Hypohidrotic ectodermal dysplasia (HED) is the most common type of ectodermal dysplasia (ED), which encompasses a large group of syndromes that share several phenotypic features such as missing or malformed ectodermal structures, including skin, hair, sweat glands, and teeth. X-linked hypohidrotic ectodermal dysplasia (XL-HED) is associated with mutations in ectodysplasin (EDA1). Hypohidrosis due to hypoplastic sweat glands and thin, sparse hair are phenotypic features that significantly affect the daily lives of XL-HED individuals and therefore require systematic analysis. We sought to determine the quality of life of individuals with XL-HED and to quantify sweat duct and hair phenotypes using confocal imaging, pilocarpine iontophoresis, and phototrichogram analysis. Using these highly sensitive and non-invasive techniques, we demonstrated that 11/12 XL-HED individuals presented with a complete absence of sweat ducts and that none produced sweat. We determined that the thin hair phenotype observed in XL-HED was due to multiple factors, such as fewer terminal hairs with decreased thickness and slower growth rate, as well as fewer follicular units and fewer hairs per unit. The precise characterization of XL-HED phenotypes using sensitive and non-invasive techniques presented in our study will improve upon larger genotype-phenotype studies and in the assessment of future therapies in XL-HED.

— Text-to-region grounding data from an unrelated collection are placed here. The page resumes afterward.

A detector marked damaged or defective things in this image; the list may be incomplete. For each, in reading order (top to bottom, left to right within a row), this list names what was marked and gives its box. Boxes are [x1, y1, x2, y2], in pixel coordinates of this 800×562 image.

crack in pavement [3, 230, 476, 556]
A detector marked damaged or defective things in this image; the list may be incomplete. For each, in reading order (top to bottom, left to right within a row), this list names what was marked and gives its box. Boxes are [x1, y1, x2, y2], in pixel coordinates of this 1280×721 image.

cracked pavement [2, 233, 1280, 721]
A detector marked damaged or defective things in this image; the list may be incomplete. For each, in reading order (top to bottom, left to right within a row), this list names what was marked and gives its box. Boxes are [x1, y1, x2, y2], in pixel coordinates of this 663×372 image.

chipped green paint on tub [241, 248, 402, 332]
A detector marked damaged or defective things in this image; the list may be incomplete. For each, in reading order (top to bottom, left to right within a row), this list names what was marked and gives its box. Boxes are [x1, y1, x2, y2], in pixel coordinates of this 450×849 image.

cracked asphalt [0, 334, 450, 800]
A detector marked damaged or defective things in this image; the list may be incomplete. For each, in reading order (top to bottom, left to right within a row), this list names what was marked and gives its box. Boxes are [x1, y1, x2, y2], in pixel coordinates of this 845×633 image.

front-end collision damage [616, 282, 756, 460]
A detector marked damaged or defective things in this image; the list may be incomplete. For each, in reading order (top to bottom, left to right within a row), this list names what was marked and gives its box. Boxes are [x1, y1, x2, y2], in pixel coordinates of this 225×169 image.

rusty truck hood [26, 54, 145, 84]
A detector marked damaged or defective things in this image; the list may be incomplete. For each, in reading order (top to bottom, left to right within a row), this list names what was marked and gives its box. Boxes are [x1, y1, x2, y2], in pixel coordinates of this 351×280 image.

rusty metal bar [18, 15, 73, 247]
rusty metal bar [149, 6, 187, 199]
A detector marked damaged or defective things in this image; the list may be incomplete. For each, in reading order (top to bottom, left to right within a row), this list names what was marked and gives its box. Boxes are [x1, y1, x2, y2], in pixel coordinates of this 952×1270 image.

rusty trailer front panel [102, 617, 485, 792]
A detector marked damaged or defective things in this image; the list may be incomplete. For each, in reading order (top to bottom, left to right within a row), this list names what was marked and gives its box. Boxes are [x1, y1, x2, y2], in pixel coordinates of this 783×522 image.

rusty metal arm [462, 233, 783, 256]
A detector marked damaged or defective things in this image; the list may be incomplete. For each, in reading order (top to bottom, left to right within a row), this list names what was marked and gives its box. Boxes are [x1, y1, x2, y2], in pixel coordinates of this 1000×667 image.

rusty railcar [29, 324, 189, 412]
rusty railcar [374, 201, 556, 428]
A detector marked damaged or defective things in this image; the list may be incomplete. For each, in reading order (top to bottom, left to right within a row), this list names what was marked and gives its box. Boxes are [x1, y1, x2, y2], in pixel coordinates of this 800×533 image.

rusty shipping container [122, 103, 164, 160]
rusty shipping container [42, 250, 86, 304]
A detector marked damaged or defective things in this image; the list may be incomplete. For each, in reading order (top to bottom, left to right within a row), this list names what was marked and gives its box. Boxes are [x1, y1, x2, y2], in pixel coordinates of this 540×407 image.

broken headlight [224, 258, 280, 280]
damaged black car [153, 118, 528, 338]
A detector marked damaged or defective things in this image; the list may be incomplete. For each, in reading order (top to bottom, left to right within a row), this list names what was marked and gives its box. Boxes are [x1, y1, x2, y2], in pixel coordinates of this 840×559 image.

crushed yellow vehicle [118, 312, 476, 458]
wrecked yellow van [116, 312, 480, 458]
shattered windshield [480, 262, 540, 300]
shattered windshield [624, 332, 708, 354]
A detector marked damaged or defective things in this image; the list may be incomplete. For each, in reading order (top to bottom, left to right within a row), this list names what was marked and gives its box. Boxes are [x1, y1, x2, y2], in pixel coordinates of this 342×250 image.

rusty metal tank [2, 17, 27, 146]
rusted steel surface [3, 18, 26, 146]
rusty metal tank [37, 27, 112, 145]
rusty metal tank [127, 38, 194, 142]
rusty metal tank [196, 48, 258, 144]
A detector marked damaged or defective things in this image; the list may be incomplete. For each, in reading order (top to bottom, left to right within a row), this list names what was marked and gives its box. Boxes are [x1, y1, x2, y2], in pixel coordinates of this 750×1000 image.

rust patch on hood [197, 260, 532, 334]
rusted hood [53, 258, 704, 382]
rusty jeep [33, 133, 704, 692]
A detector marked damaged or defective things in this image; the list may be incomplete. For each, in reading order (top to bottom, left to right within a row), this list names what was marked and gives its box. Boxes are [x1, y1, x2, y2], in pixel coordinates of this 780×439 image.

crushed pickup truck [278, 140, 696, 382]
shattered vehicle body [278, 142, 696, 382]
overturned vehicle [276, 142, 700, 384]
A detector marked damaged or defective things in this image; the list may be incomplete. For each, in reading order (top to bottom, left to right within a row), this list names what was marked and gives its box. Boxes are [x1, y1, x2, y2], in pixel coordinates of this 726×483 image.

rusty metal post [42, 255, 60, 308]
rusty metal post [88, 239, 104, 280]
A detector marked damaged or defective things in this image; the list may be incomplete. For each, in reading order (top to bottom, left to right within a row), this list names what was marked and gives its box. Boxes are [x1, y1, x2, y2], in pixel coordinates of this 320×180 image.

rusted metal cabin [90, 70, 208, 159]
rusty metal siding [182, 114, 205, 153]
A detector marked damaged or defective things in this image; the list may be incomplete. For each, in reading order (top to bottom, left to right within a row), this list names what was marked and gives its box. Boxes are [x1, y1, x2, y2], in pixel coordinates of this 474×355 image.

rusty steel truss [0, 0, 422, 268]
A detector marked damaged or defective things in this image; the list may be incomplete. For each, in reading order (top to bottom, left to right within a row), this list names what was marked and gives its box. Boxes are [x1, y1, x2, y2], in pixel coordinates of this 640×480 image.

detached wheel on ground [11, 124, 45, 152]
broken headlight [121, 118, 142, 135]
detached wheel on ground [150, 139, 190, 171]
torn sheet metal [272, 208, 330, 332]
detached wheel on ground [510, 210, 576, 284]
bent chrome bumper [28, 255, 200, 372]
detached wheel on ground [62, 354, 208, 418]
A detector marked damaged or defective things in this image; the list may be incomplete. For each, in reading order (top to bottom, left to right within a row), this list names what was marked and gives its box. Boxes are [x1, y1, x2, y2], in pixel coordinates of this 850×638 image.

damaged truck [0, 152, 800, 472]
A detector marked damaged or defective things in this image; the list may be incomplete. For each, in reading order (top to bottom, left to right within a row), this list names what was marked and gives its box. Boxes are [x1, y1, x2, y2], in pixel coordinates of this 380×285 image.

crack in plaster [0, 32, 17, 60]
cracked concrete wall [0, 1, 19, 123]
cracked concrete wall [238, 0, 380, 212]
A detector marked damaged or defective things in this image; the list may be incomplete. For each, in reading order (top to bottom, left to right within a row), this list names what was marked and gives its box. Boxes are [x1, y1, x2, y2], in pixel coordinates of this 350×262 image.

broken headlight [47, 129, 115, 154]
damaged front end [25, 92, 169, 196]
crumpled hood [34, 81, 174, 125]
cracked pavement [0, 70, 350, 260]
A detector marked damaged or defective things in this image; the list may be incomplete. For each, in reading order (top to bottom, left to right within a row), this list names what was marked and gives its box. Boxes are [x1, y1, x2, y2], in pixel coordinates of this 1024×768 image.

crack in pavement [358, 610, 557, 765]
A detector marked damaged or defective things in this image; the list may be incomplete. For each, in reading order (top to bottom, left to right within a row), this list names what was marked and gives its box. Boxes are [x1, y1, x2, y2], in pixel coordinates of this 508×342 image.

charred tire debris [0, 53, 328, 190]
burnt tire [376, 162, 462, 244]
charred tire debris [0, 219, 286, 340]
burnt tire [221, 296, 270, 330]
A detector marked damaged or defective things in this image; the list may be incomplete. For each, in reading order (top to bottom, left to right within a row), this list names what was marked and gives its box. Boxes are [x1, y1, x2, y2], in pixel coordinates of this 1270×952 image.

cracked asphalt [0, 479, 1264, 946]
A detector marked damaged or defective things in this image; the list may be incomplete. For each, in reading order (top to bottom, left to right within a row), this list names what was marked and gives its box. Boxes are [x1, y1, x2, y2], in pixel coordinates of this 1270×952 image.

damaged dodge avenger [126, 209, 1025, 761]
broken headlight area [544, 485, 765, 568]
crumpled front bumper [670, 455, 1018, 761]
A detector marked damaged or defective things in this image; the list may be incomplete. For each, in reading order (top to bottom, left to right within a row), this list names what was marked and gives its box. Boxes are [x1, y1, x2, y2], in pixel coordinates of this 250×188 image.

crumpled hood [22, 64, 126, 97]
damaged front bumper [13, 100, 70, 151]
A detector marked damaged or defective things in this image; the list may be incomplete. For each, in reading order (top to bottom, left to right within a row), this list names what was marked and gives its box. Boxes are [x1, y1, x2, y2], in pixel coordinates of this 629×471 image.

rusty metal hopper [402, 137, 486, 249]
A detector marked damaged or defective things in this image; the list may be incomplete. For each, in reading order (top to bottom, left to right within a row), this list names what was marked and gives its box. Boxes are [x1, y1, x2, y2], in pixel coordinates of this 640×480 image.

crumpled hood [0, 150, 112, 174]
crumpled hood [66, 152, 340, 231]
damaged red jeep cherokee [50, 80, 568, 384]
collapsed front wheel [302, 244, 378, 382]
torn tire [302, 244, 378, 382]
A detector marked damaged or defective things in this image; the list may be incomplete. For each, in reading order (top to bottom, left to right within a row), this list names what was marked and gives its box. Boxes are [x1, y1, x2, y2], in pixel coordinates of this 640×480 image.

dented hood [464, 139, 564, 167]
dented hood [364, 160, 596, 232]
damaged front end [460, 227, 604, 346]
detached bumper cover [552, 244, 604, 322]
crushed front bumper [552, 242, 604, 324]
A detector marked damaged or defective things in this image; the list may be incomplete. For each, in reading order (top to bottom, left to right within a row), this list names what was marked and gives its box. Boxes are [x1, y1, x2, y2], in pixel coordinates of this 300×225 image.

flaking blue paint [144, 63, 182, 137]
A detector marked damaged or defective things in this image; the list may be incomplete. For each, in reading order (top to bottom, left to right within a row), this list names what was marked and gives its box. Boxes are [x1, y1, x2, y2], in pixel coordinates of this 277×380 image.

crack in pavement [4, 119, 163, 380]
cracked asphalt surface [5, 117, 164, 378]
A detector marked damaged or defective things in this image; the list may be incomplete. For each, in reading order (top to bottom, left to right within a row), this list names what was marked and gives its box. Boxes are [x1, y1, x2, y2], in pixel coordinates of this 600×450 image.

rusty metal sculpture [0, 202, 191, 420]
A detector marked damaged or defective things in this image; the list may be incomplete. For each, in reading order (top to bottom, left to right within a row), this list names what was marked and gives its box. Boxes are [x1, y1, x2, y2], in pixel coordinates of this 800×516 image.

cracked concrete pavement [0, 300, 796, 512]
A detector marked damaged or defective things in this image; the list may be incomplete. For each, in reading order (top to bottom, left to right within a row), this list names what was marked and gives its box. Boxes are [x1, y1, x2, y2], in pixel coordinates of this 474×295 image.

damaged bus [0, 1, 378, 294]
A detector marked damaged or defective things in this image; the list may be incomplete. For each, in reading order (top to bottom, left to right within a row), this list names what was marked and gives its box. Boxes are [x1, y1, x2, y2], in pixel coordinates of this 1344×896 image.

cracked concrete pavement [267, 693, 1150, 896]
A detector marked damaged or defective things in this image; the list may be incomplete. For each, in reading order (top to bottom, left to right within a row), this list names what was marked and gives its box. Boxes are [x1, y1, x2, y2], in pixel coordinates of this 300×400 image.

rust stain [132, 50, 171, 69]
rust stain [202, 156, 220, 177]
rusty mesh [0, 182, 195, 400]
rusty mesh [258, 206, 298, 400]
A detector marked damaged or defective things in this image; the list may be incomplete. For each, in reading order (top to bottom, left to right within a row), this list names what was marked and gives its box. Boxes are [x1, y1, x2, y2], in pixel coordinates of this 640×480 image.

机译:低通性外胚层发育不良(HED)是最常见的外胚层发育不良(ED)类型,它包含许多综合征,这些综合征具有一些表型特征,例如外胚层结构缺失或畸形,包括皮肤,头发,汗腺和牙齿。 X连锁性多汗症外胚层发育不良(XL-HED)与外生质素(EDA1)突变相关。由于发育不良的汗腺和稀疏稀疏的头发引起的汗湿症是表型特征,会显着影响XL-HED个人的日常生活,因此需要系统分析。我们试图确定具有XL-HED的个体的生活质量,并使用共聚焦成像,毛果芸香根离子电渗疗法和光致发光图分析来量化汗管和头发表型。使用这些高度敏感且无创的技术,我们证明了11/12 XL-HED患者完全没有出汗管,而且没有人出汗。我们确定在XL-HED中观察到的稀疏头发表型是由多种因素引起的,例如较少的末梢毛发,厚度减少且生长速度较慢,以及较少的毛囊单位和较少的单位头发。使用我们的研究中提出的敏感和非侵入性技术对XL-HED表型进行精确表征将改善更大的基因型-表型研究,并评估XL-HED的未来治疗方法。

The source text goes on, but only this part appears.